▶ What is required:
Transcribe only the part of the material below that begins at the line containing "TOP TIME B01" and ends at the line containing "Informator Powiatu Śremskiego.", with both kept and images left out.

▶ Dataset entries:
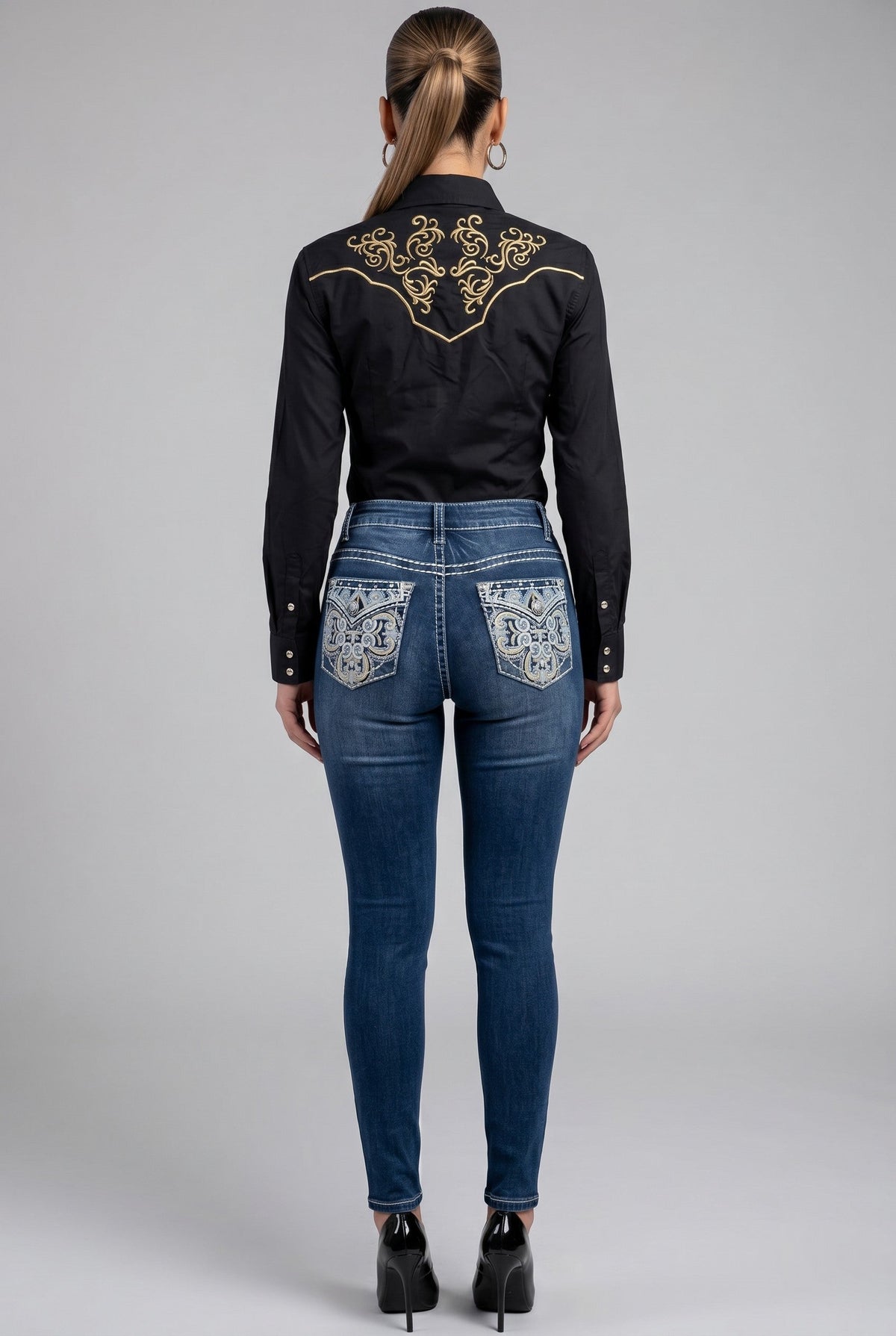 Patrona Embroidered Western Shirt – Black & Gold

* * *

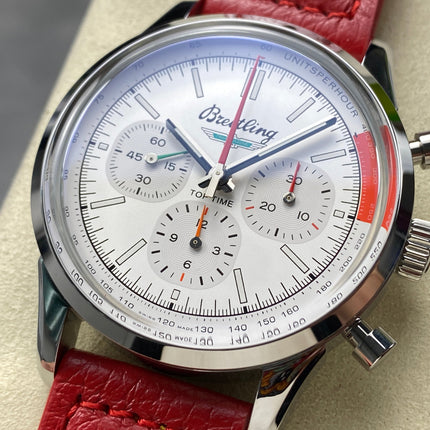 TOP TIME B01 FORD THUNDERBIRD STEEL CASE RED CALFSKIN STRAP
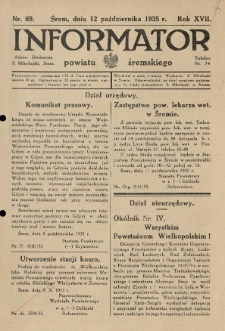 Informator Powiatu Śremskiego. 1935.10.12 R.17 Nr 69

▶ Result of this task:
 TOP TIME B01 FORD THUNDERBIRD STEEL CASE RED CALFSKIN STRAP
 Informator Powiatu Śremskiego. 1935.10.12 R.17 Nr 69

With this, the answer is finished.